Wednesday, January 03, 2007

Father of lost skipper tells of tragic capsizing

Hello Fishies

Tonight I share with you an Associated Press article regarding the F/V Ash, which I posted about a while back. I want you to take a break from the “who is the hottest, biggest, best” or whatever. Instead, I would like you to focus on what it must have been like for the men aboard the boat and the witnesses as this tragedy unfolded.

You see my friends and readers, fishermen are real people just like you. They live, love, laugh and cry, have families, hopes, joys and fears. I did not know the men who were lost, this time.

Father of lost skipper tells of tragic capsizing

Associated Press

PORT ORFORD, Ore. -- The Ash, a 43-foot fishing vessel, had never been out crabbing before Saturday, when Captain Robert Ashdown, three crewmen and 70 crab pots headed toward the sea. As the boat crossed the Rogue River bar, the U.S. Coast Guard said, a huge wave struck the bow, followed seconds later by a wave that rushed the stern. The crew sent a distress message about 3:40 p.m., but the vessel, previously a research boat, capsized and sank.

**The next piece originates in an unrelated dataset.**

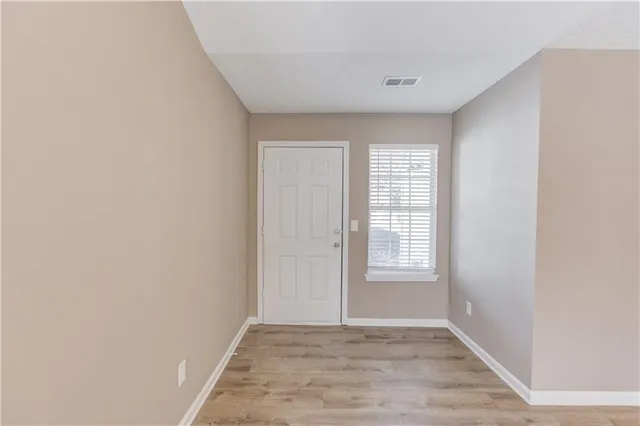 a view of an empty room with window and wooden floor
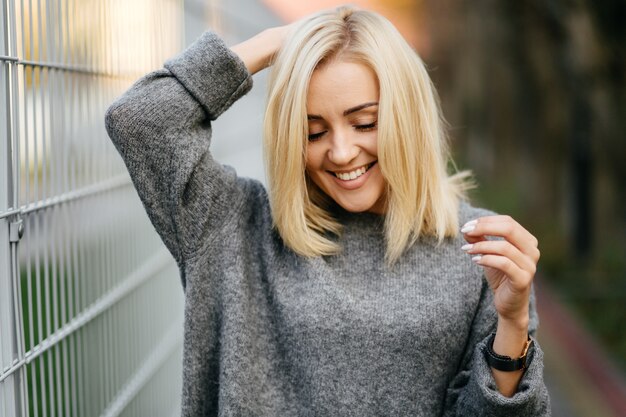 fashion street photo session of stylish young lady in a grey clothes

The Coast Guard searched for the men Saturday evening and again Sunday. The search was called off late that afternoon.

The crewmen were identified Monday as Louis Lobo, 39, of Las Vegas; Mark Wagner, 40, of Port Orford; and Joshua Northcutt, 30, also of Port Orford. Wagner was the father of a 6-month-old girl; Northcutt had a 4-week-old daughter.

The captain's father, Michael Ashdown of Port Orford, told The Oregonian newspaper that he was cleaning his salmon gear Saturday when a friend phoned from the jetty at Gold Beach.

"He said, 'Hey the guys are going out, just letting you know,"' Michael Ashdown said. "He told me they were making it just fine." Then the first big wave came. "He said, 'Oh, they got over that one. Another big one's coming,' and then, 'You better get down here, it rolled over.' You can imagine how I felt. "

Ashdown, 68, a commercial fisherman of 32 years and father of three commercial fishermen, rushed to Gold Beach. When he arrived a half hour later, the sea had scattered the boat and its crew.

The Coast Guard said conditions were dangerous the day the Ash sank, with swells at the bar topping 18 to 22 feet. Ashdown, however, said the conditions were not that unusual for fishermen.

"It was rough, but not terribly rough." he said, adding that the crew would have voted whether to go out.

"If anyone didn't want to go they wouldn't," he said. "We had discussed that. If I could have been here, I could have stopped them. In hindsight it is easy to say that."

Ashdown said his 44-year-old son coached high school basketball, volunteered with the fire department and led the local Boy Scout troop. He was the father of two sons and a daughter.

Northcutt was a longtime family friend who fished with the Ashdowns for about eight years, said Michael Ashdown.

Wagner was described as a talkative man who doted on his new daughter, his first child. "Mark was very into his family," said fiance Jamie Justice. "He loved his little daughter. She was his pride and joy."

Justice said Lobo was new to crabbing. "This was his first time out," she said. "He was just learning."